И, наконец, 5 декабря: «Противник прорвал наш фронт в районе восточнее Калинина». Части Калининского фронта первыми из советских войск, оборонявших столицу, перешли в контрнаступление.

В декабре 1941 года и в январе 1942 года Гальдер изменяет своему обыкновению как бы не замечать успехи противника. Теперь их уже невозможно не заметить! 19 декабря: «Группа армий «Центр»: противник наступает на всем фронте». 25 декабря: «Очень тяжелый день… На фронте группы армий «Центр» этот день был одним из самых критических дней». 30 декабря: «Снова тяжелый день… Очень тяжелое положение создалось на фронте 9-й армии, где командование, как мне кажется, совершенно потеряло выдержку». 3 января 1942 года: «В ставке фюрера снова разыгралась драматическая сцена. Он высказал сомнение в мужестве и решительности генералов».

Так закончилась попытка «разбить Советскую Россию в ходе кратковременной кампании». Развязался роковой узелок противоречий, оптимистических планов и сомнений, восторгов от побед и разочарований. Завершилась сюжетная линия нашего знакомства с дневником Гальдера.

7.

Разгром под Москвой стал первым крупным поражением вермахта. Всегда ли мы точно оцениваем меру подвига, совершенного Советской Армией в октябре – декабре 1941 года? Вот лишь коротко об этом:

Одна из основополагающих военных истин гласит: наступающая сторона должна иметь значительное превосходство в силах, чтобы суметь преодолеть сопротивление обороны противника и развить успех. Летом и осенью 1941 года вермахт пробивался на восток, в глубь России, имея гигантское превосходство в людях и технике.

В поход на Москву командование вермахта двинуло 38 процентов пехотных и 64 процента танковых и моторизованных соединений из общего количества войск на советско-германском фронте. Эти части понесли в боях тяжелые потери, но далеко еще не потеряли своей силы. 11 Советская Армия одержала победу под Москвой, численно уступая вермахту! Вот каким было соотношение сил в начале декабря. Немцы имели под Москвой 800 тысяч человек против 720 тысяч у нас (на 80 тысяч больше), 14000 орудий и минометов против 3985 у нас (на 6015 больше), 1000 танков против 720 у нас (на 280 больше). Лишь по авиации мы превосходили немцев почти вдвое.

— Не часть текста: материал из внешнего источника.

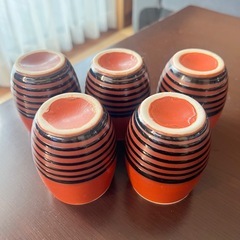 湯呑み（赤×黒ボーダー）5個セットの画像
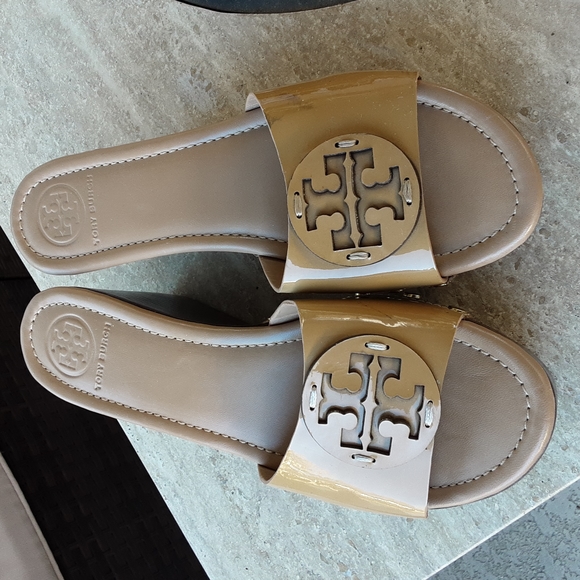 Tory Burch Shoes - Tory Burch patent leather wedge platform tan sandals size 8 1/2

К концу декабря 1941 года немецкие армии были отброшены от Москвы на запад на 100–250 километров. Пытаясь спасти положение, командование вермахта спешно перебрасывало на восток, нередко используя для этого авиацию, свежие части с запада. Однако потери вермахта росли, и к концу декабря они составляли свыше 120 тысяч человек, около 4 тысяч орудий и минометов, 1300 танков.

11 декабря, когда шла первая еще неделя советского контрнаступления, в речи перед рейхстагом, продолжая дудеть в старую пропагандистскую дудку, Гитлер заявил: «Сегодня я стою во главе сильнейшей армии мира, могущественнейшей авиации и гордого флота…» А 20 декабря Гальдер записывает в «Дневник» – вернемся к нему в последний раз – очередное высказывание фюрера: «Противник не располагает превосходством в силах: это приказ!» Послевоенный немецкий издатель «Дневника» сделал к этой записи красноречивое примечание: «Войскам нужно было в приказном порядке внушать чувство превосходства». Это «сильнейшей»-то армии мира?

Разгром немцев под Москвой стал началом коренного поворота в ходе войны. Он стал как бы прелюдией, дальней предысторией Сталинграда и нашей победы в мае 1945 года.

Успехи советских войск на всем фронте зимой 1941–1942 годов определили дальнейшее развитие событий. К весне 1942 года вермахт сумел, хотя и не полностью, залечить полученные раны. Но теперь ему противостояла армия, закалившаяся в боях, выросшая численно и вооруженная современной техникой. И гитлеровские генералы уже не могли, как в начале войны, двинуть войска вперед сразу по всем стратегическим направлениям в поисках решительной и быстрой победы. Они выбрали для наступления южный фланг – и это решение привело их в Сталинград.

1 Ф. Гальдер. Военный дневник. Ежедневные записи начальника генерального штаба сухопутных войск, 1939–1942. т. 3. – М. : Воениздат, 1971.